The authors of a major global pensions study have recommended Australia lift the superannuation guarantee rate and keep citizens working longer.

The eighth annual Melbourne Mercer Global Pension Index (MMGPI) has again lauded Denmark for having the best retirement incomes system in the world.

Denmark and The Netherlands were the only countries to receive an A rating.

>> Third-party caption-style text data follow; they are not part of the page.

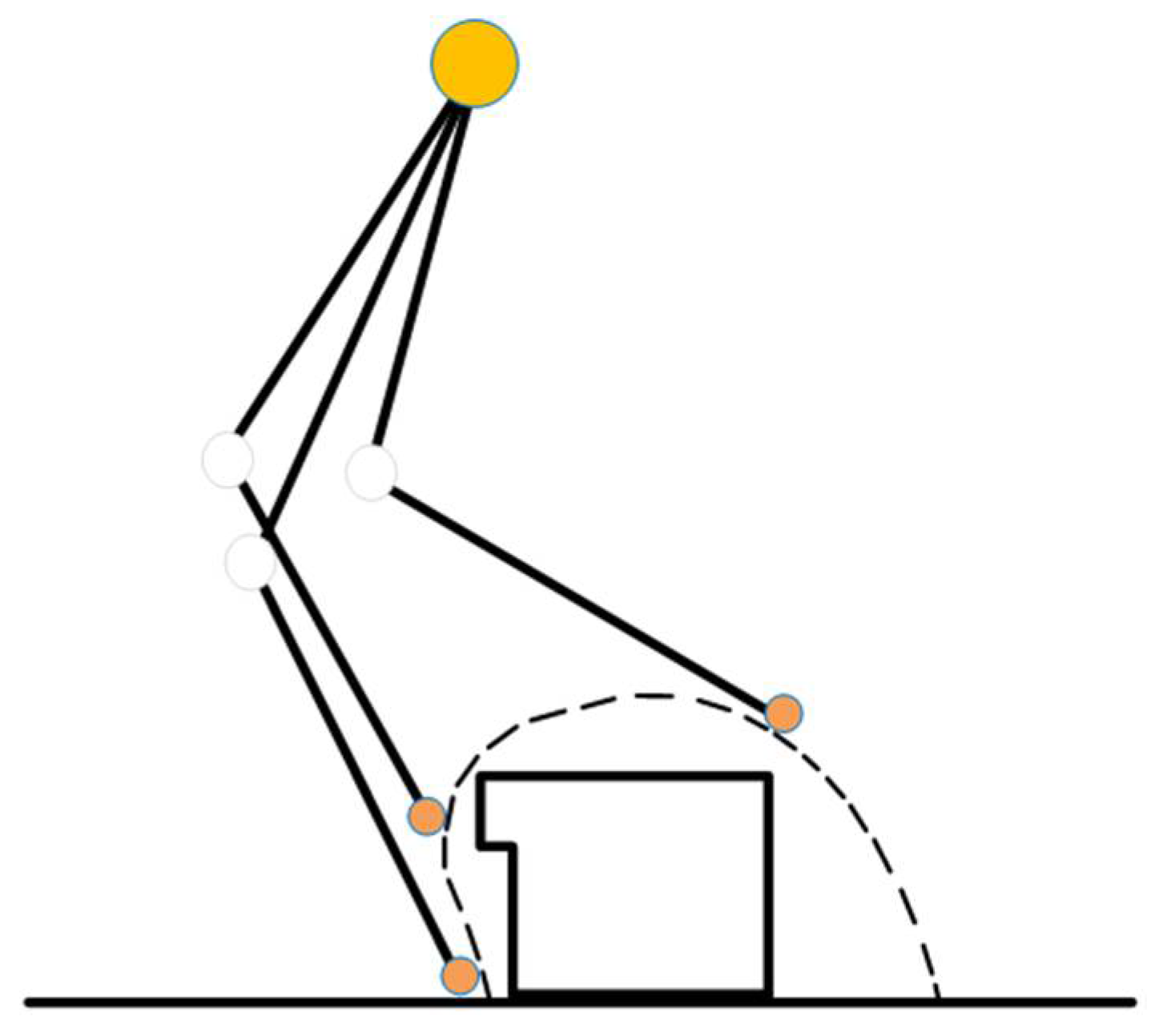 Machines 13 00505 g014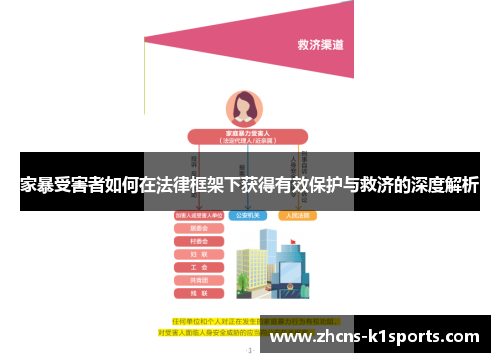 家暴受害者如何在法律框架下获得有效保护与救济的深度解析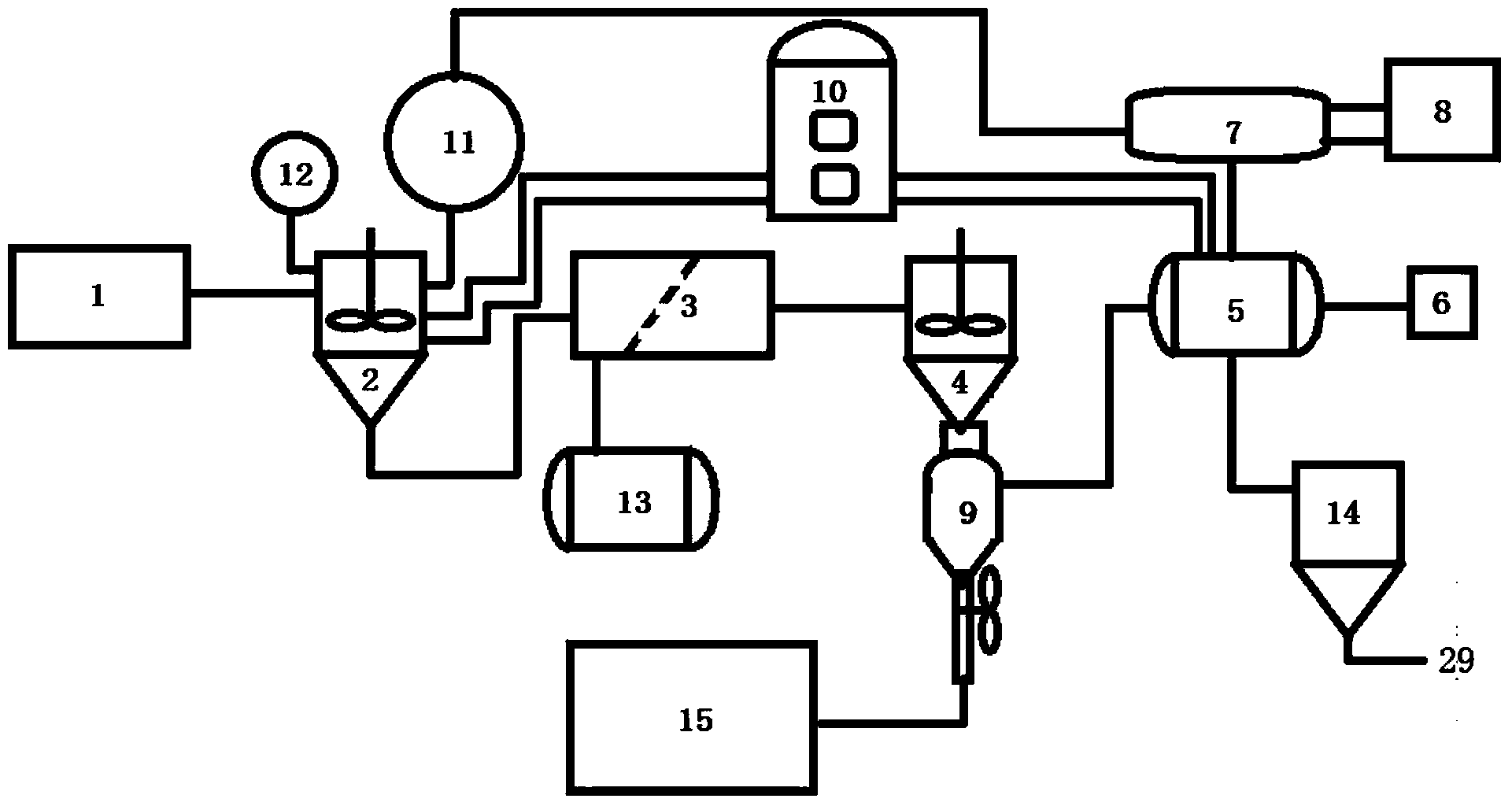 Method for refining oil through depolymerizing and liquifying waste plastics and device used in method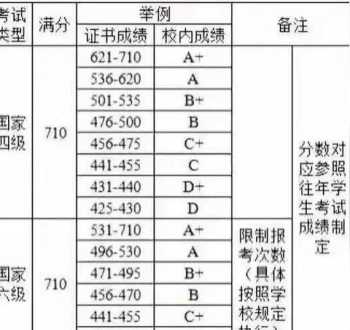 四级成绩公布的时间2023是真的吗 如何查英语4级成绩单的真假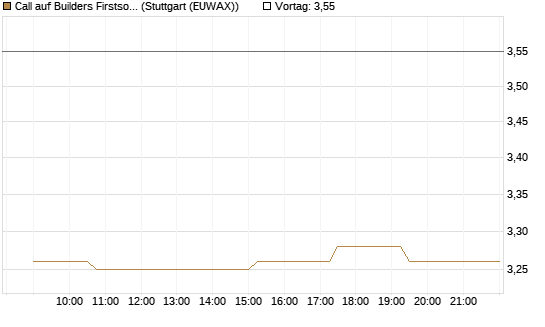 Call auf Builders Firstsource [Morgan Stanley & Co. Int. plc] Chart
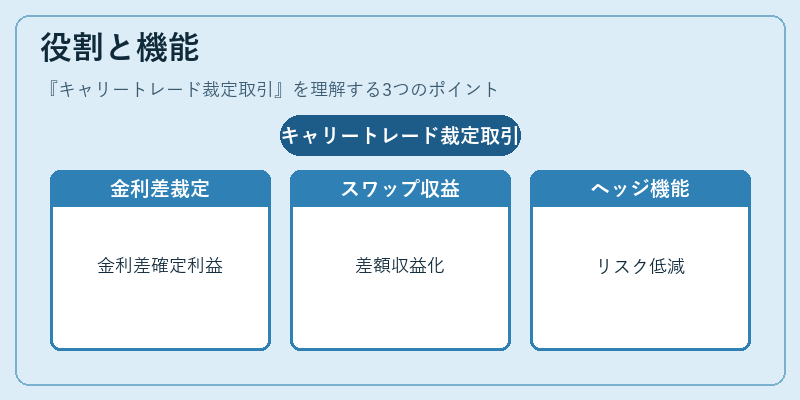 役割と機能（キャリートレード裁定取引）の図解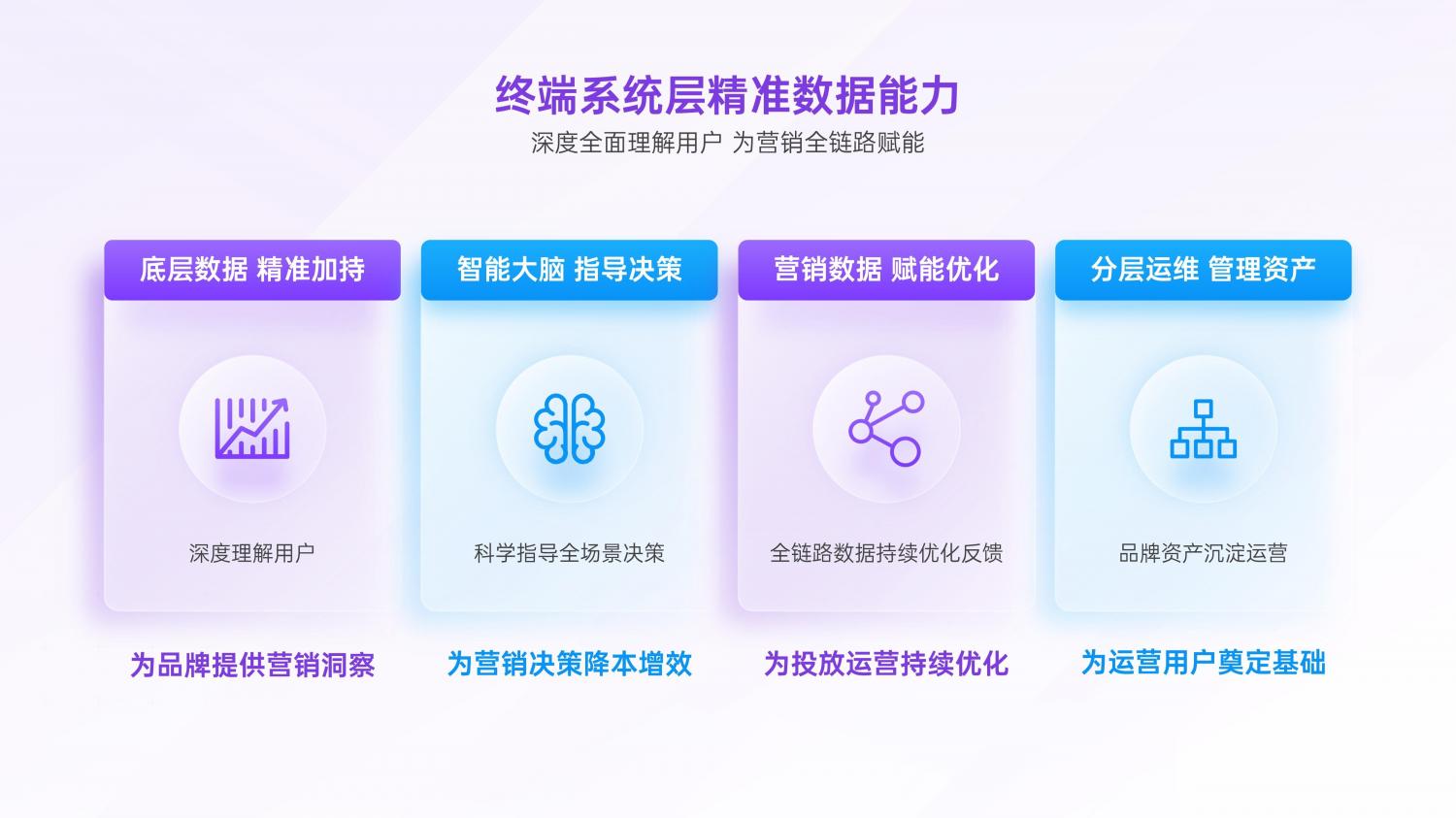 解鎖融合時代高效增長方法，OPPO營銷發(fā)布2021營銷通案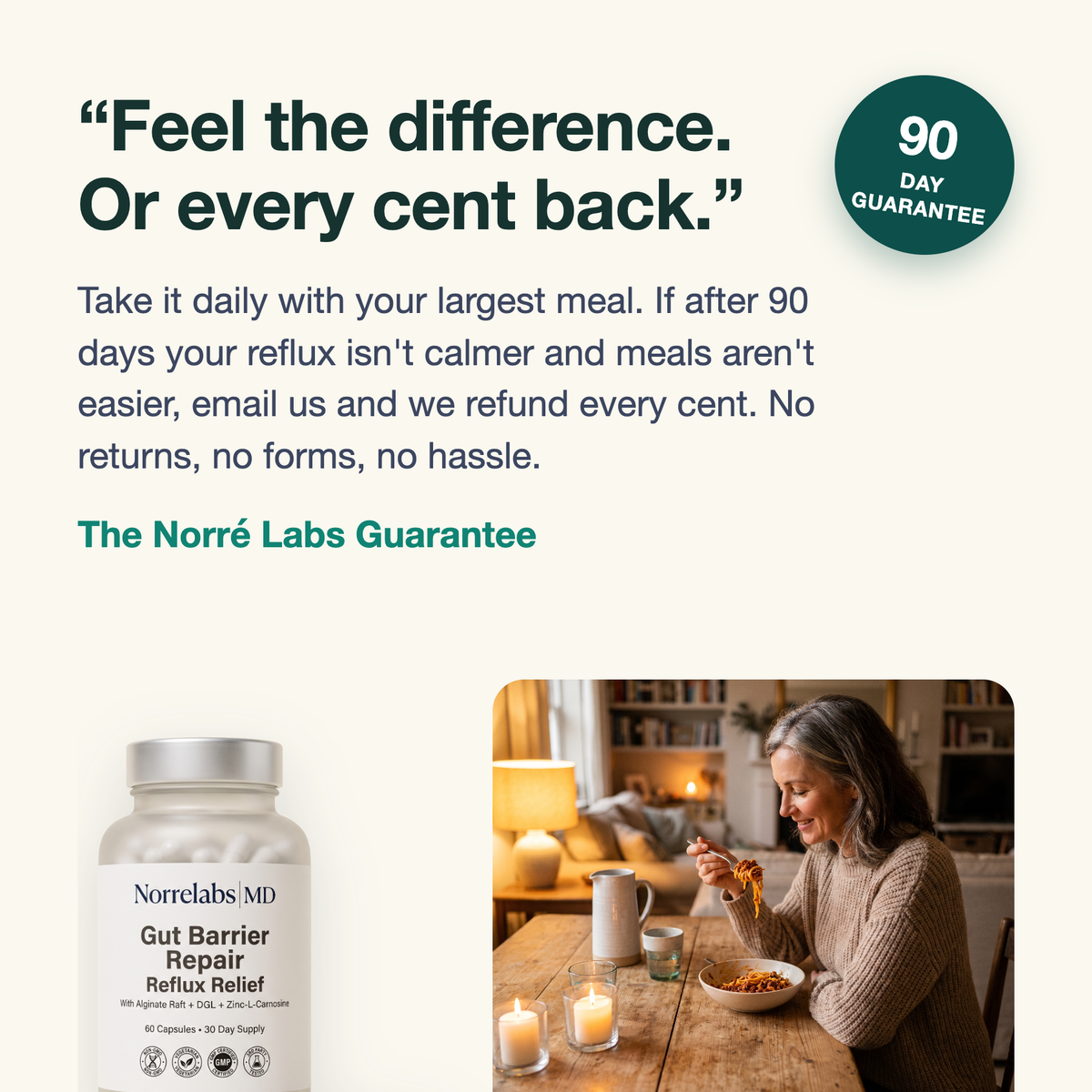 90-day money-back guarantee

Australia ranked in third place with a B+ rating.

The study is produced annually by international consulting firm Mercer in partnership with The Australian Centre for Financial Studies, which is based out of Monash University in Melbourne.

In 2016 Australia’s overall index value fell from 79.6 in 2015 to 77.9.

The authors said this was largely due to a reduction in the net replacement rate, which they said could be blamed partly on a decision in last year’s federal budget to defer a planned rise in the superannuation guarantee contribution rate.

Australia’s compulsory employer contribution rate is currently frozen at 9.5 per cent until 2021, after which it is scheduled to rise 0.5 per each year until it reaches 12 per cent in 2025.

Professor Rodney Maddock of the Australian Centre for Financial Studies said Australia must proceed with plans to increase the superannuation contribution rate, as well as deferring both the retirement and pension eligibility age.

He said these steps were necessary before Australia could be awarded an A rating from the MMGPI, and to ensure the ongoing sustainability of the nation’s superannuation scheme.

“The key to maintaining Australia’s robust system is careful planning and brave leadership from our governments,” Maddock said.

“Australians are living longer, living larger portions of their life in retirement and spending more in retirement, so we need to be well-placed to ensure fulfilling, adequately-funded retirements.”

The report also recommended that retirees should be required to convert at least a part of their super into an income stream, rather than cashing it in as a lump sum.

Last year the Turnbull government said it plans to make it mandatory for all super funds to offer all retiring members an account based pension, although citizens will be permitted to opt-out and withdraw their capital if they prefer.


Global challenge

Increasing the labour force participation rate at older ages, to combat the cost of rising life expectancies, was another policy recommendation from the report.

The authors also suggested the government introduce a mechanism to increase both the age pension eligibility age, and the minimum age at which savers are allowed to access the benefits from their superannuation-funded private pension, in line with increases in average life expectancy.

Mercer senior actuarial partner, Dr David Knox, warned of a global challenge with many countries even less prepared than Australia to deal with the impact of rapidly ageing populations, and the “significant financial pressures” this is set to place on their economies.

“The impact of longer life expectancies, combined by global declining birth rates, is much more significant than has been recognised by many governments and communities,” Knox said.

He said the research showed an “alarming” projected old age dependency ratio in many regions.

“The range of the ratio is stark, predicting that in South Africa there will be one retiree for every seven people of working age, while in Japan the number drops to one retiree for every 1.44 people of working age by 2040,” Knox said.

Many governments globally will need to make urgent changes to ensure that current retirement systems are sustainable and able to provide adequate benefits for decades to come.

“It is a political imperative that all countries, regardless of their size, and current standing on the MMGPI, implement the necessary policy changes to withstand future challenges presented by the globally ageing population,” Knox said.

The MMGPI is the world’s most comprehensive comparison of global pension systems, and this year it covered close to 60 per cent of the world’s population, measuring 27 systems against more than 40 indicators to gauge their adequacy, sustainability and integrity. It included diverse countries across the Americas, Europe and Asia-Pacific regions. Malaysia and Argentina were included for the first time in the 2016 study.